Si el espectador se acerca a uno de
estos cuadros compuestos por sustracción más que por adición cromática, provenientes
de una cielo rectangular negro; a sus figuras de ojos inmensos que parecen soñados
por la belladona, coronadas con pájaros vegetales, y elaborados con cuchillas
más que con pinceles, advierte una extraña incandescencia, y lo visita el
colorido de los tejidos de la cultura Paracas que el artista ha incorporado en
su fabulario plástico desde su infancia andina. Lo he visto pintar algunas
veces observando sobre su hombro y sé que la elaboración de estas obras, se
asemeja en algo al proceso de la escritura automática de los surrealistas,
técnica que propusieron para develar el inconsciente, y también que es similar
a la representación de las visiones de los viajeros de algunas plantas sagradas
como el yagé, donde el sueño es tan vigilado como vigilante. Por eso sería
oportuno reiterar: ¿no es la necesaria sublevación del sueño lo que propone
Villegas en su arte figurativo?
Toda crisis de la imaginación antecede
a una explosión barroca. El desbordamiento estético que en América Latina
brilló en la Colonia aún sigue encontrando cultivadores excelsos donde su
exuberancia se hace imprescindible y visceral. Y aunque este estilo prexiste a
su eclosión en el siglo XVII, también se renueva en nuestro tiempo distante de
su intención original decorativa, y próximo a una elaboración más esencial,
cada vez que un artista de linaje atemporal decide invadirnos con su ejército fantasmagórico,
y asistiendo a sus creaciones —como en el caso de Villegas— con una
avasalladora grandeza.
En la selva visual que ha construido
cuando realiza su figuración, es fácil advertir las cuidadosas texturas legadas
por el ejercicio inicial del abstraccionismo, y claro, por ese tributo a sus
raíces, cuando pareciera evocar los vestidos de las muñecas de la cultura
Chancay o los trajes de las bailarinas de Ancash, que conoció en su infancia en
Pomabamba, mientras verbalizaba el mundo en quechua, su lengua materna. Y si
miramos con atención estos óleos de guerreros indefensos o sus sublimes peces fósiles,
creemos estar ante una pintura tallada, o mejor, frente a una sutil escultura
en lienzo, siendo víctimas de un artilugio singular.

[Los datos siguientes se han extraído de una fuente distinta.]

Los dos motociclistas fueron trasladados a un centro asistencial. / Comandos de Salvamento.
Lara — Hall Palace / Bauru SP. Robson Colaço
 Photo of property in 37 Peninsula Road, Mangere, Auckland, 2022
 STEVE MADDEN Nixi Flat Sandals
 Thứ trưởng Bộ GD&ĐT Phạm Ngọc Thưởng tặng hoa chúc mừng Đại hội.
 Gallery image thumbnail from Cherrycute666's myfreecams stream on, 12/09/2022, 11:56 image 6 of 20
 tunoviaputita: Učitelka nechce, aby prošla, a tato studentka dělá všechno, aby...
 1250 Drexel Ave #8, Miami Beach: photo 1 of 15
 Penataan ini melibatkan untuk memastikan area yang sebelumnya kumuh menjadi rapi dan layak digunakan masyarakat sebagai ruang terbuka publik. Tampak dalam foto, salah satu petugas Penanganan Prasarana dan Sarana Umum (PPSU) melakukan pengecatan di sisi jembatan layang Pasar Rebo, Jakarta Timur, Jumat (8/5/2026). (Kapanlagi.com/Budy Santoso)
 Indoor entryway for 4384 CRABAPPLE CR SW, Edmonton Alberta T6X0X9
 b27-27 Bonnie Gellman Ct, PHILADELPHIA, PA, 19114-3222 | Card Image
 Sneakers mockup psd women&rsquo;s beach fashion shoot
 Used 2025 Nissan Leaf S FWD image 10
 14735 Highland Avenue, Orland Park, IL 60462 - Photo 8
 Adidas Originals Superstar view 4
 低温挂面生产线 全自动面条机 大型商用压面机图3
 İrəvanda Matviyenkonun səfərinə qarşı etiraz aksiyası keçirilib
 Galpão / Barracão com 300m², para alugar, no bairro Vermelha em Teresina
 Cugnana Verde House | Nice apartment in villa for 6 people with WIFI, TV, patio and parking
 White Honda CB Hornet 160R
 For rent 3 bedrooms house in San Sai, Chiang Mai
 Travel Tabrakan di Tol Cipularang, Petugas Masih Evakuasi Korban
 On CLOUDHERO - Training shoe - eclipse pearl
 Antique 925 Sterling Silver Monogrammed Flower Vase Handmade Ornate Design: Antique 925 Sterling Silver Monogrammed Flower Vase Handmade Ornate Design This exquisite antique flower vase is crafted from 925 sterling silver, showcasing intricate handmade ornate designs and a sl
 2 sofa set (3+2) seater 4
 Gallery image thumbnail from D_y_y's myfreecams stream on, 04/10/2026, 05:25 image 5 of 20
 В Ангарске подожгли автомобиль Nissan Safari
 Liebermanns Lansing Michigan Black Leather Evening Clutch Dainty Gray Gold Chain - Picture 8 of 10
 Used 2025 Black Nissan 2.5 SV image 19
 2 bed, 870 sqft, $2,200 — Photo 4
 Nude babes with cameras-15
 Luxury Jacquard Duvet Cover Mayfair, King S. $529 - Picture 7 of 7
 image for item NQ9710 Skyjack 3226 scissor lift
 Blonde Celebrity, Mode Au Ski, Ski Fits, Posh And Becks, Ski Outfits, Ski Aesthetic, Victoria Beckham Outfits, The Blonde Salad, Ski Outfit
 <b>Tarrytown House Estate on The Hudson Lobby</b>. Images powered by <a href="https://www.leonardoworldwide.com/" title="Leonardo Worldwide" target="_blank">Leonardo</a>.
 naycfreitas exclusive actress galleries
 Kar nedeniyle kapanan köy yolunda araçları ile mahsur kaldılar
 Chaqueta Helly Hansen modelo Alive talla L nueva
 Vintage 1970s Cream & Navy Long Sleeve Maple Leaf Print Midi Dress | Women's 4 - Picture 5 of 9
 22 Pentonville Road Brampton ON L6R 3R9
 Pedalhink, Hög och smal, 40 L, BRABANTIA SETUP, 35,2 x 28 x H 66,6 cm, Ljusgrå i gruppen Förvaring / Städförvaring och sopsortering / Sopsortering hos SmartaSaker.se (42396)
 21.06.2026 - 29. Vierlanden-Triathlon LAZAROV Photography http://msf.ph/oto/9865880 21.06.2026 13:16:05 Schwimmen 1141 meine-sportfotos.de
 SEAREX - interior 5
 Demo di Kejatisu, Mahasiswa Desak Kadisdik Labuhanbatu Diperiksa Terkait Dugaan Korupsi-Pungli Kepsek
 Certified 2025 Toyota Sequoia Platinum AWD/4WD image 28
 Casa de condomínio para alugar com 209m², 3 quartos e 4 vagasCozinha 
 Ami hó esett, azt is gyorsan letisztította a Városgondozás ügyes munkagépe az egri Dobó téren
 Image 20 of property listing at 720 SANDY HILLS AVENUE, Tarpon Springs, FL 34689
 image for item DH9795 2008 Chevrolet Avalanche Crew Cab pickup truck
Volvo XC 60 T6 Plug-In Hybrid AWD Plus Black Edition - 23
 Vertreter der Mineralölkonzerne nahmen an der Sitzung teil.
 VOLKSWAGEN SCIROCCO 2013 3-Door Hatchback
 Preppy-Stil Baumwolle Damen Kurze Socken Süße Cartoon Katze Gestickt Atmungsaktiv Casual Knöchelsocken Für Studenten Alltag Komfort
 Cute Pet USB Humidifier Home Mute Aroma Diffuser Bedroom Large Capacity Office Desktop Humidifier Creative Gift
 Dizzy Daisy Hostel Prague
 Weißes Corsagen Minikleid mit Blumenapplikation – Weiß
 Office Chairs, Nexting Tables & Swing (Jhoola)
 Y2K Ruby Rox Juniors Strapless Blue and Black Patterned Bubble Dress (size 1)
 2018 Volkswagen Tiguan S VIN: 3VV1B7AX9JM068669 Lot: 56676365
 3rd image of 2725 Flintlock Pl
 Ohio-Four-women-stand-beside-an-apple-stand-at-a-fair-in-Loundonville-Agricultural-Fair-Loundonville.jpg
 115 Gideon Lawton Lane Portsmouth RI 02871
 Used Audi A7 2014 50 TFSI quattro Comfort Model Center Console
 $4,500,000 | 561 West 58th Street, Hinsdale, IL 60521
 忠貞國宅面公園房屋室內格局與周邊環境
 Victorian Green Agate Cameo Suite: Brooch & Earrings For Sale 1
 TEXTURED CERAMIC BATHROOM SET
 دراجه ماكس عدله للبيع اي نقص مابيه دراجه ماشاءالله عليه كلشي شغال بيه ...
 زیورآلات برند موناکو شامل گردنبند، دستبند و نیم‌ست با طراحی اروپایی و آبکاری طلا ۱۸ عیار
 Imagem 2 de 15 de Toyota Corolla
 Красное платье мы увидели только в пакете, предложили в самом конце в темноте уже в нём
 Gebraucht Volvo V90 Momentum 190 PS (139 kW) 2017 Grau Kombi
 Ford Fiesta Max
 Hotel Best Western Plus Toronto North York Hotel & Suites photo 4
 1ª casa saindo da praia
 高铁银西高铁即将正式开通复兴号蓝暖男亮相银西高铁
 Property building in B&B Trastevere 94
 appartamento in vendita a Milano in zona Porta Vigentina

Armando Villegas: Pescadonte |
Brueghel, El Bosco, Blake, Goya y
todos los genios de la alucinación, son pioneros del camino trasegado por nuestro
pintor durante seis décadas, con la diferencia de que los seres tristes de
Villegas no conocen el horror ni la destrucción como las creaturas de sus
predecesores, y además, de que son múltiples, que retoñan como un árbol, y se
funden en forma impasible con poderosos felinos o perturbadoras hechiceras. ¿No
será que estos guerreros, como lo he pensado desde que vi por primera vez uno
de sus lienzos originales, poseen algún secreto impronunciable, pues de no ser
así por qué existe siempre en ellos, como en las obras de los alquimistas, una invitación
al silencio? O para ser más específicos: ¿no está allí, en el supremo acto de
callar, su enseñanza misteriosa?
Armando Villegas: Sacerdote del silencio |
Muchas veces he sentido al acercarme a
algún integrante de su bosque de gladiadores rituales, el paso rumoroso del
tiempo. Cuando se contempla una de estas obras que privilegian lo erosivo,
tenemos la impresión de que algo ocurre sobre su superficie, y que cada vez que
emprende un trabajo toma esa nave temporal que se llama memoria, en búsqueda de
un mito de fundación.
¿Es su arte una emboscada de la luz? ¿O
si no por qué produce tanta luminiscencia y parece estar más cerca a nuestros
ojos, como puede advertirse al colgar una de sus obras en una pared con cuadros
de otras autorías?
A mediados de los años ochenta regresó
a lo no figurativo que le había abierto un mundo cósmico, pero esta vez con
técnicas mixtas, y realizó collages sobre cartón o yute, integrando elementos cotidianos
de esta sociedad de voracidad consumista, para terminar construyendo piezas con
la inocencia que a comienzos del siglo XX, expresara el pintor suizo Paul Klee.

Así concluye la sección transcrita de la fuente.